13. A method according to claim 12, comprising the steps of molding thicknesses of flexible plastic material onto the tree by injecting plastic material into a mold containing the tree.

14. A method of manufacturing a saddle according to claim 3, including the steps of making the seat portion and the underside of the saddle by thermocompression molding of layers of cellular plastic material having different mechanical characteristics and then in locally fixing the top portion of the saddle to the tree and to the underside of the saddle.

15. A method according to claim 14, comprising the steps of molding a thickness of cloth over the layers of plastic material in order to form a cloth covering on at least one of the top and the bottom face of the underside of the saddle.
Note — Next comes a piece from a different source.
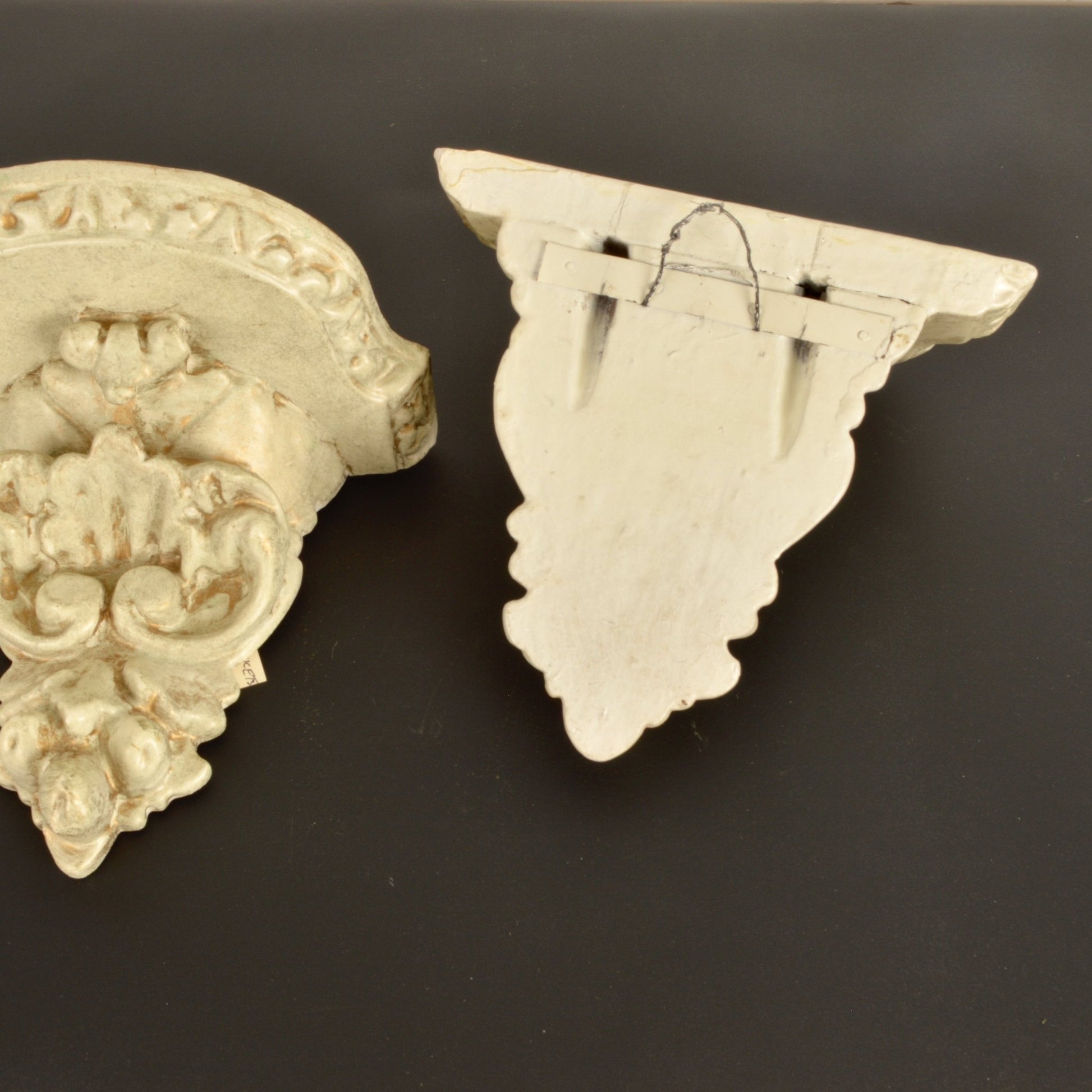 Pair of Vintage Carved Wood and Gesso Wall Brackets - Salvage-Garden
16. A riding saddle having a tree including a rigid arch which is mounted between two thicknesses of flexible plastic material, one of which constitutes the seat of the saddle and the other of which constitutes the underside of the saddle and includes saddle flaps, said tree being formed in one piece by a thin strip of composite material which is rigid and substantially undeformable over the major portion of the tree, in particular at the arch, and which has controlled flexibility along predetermined bending axes in predetermined zones in order to adapt to the morphology of a horse, and wherein the tree is constituted by superposing layers of fibers which are assembled and bonded together by a polymerizable resin including layers of glass fiber cloth, and wherein the flexible zones of the tree are obtained, relative to the rigid zones to which they are connected, by reducing the number of layers of fibers, and by giving a particular orientation to the fibers in the vicinity of 45° relative to the axis of the flexible zones.

Description:

The invention relates to a riding saddle of the type comprising a tree mounted between two thicknesses of flexible plastic material respectively constituting the seat and the underside of the saddle, and also to a method of manufacturing said saddle.
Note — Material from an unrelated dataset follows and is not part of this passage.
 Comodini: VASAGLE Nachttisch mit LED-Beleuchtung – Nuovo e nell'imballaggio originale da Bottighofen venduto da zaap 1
BACKGROUND OF THE INVENTION

Conventional saddles generally include a rigid tree made of metal, or of metal-reinforced wood, or perhaps of synthetic material, with webbing stretched thereover to support a traditional covering of leather which may be fixed to the tree by tacking (for example). The tree should normally be sufficiently rigid to ensure that the withers of the horse are permanently disengaged while simultaneously maintaining the saddle in shape, with the tree constituting the frame of the saddle. A saddle including such a tree is thus, by its very nature, incapable of adapting either to the morphology of the horse, or else to the morphology of the rider. That is why, in conventional saddles, the shape of the tree is a compromise between the various possible shapes of the backs of horses, and a given type of saddle is sometimes provided in several different sizes corresponding to different sizes of rider.
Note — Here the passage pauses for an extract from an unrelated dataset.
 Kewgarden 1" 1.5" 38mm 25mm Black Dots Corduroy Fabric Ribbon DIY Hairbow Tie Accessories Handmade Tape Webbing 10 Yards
The drawbacks of such saddles stem from their structure: either the tree is rigid enough to ensure that the withers are left free and to retain the shape of the saddle, in which case the weight of the rider is not necessarily evenly distributed over the back of the horse to the detriment of the rider's equilibrium, or else the tree is relatively flexible, in which case the saddle deforms under the weight of the rider and the tree may come into contact with the withers. There is thus a tendency to prefer a saddle having a rigid tree with padding and stuffing applied thereto in order to ensure that the saddle bears properly onto the horse's back and also in order to improve the rider's equilibrium.

These conventional solutions nevertheless suffer from drawbacks specific thereto, since they increase the weight and the thickness of the saddle and they move the rider further away from the horse's back which is detrimental to rider stability and equilibrium.

In order to mitigate these drawbacks, French patent number 83 13 317 proposes a solution which is very different from traditional techniques, whereby a tree which is rigid but which is also thin and as light as possible is placed between two molded parts of a cellular plastic material which is light, shock absorbing, and non-slip, said parts respectively constituting the seat and the underside of the saddle. A saddle of this type provides improved rider equilibrium by virtue of its reduced thickness and its non-slip properties, and it also adapts more easily than a conventional saddle to the morphology of the rider and to the morphology of the horse by virtue of the flexibility of its upper and lower parts made of plastic foam. However, over its entire length, the rigidity of the tree counteracts this flexibility and serves essentially, as in traditional saddles, to ensure that the withers are left free and is itself incapable of adapting to the morphology of the horse or to the morphology of the rider.

Preferred embodiments of the present invention provide a new saddle which avoids the drawbacks of conventional rigid-tree saddles while retaining their advantages.

SUMMARY OF THE INVENTION

The present invention provides a riding saddle, wherein a tree including a rigid arch is mounted between two thicknesses of flexible plastic material, one of which constitutes the seat and the other of which constitutes the underside of the saddle and includes the flaps, the saddle being characterized in that the tree is formed in one piece by a thin strip of composite material which is rigid and substantially undeformable over the major portion of the tree, in particular at the arch, and which has controlled flexibility in predetermined zones in order to adapt to the morphology of a horse.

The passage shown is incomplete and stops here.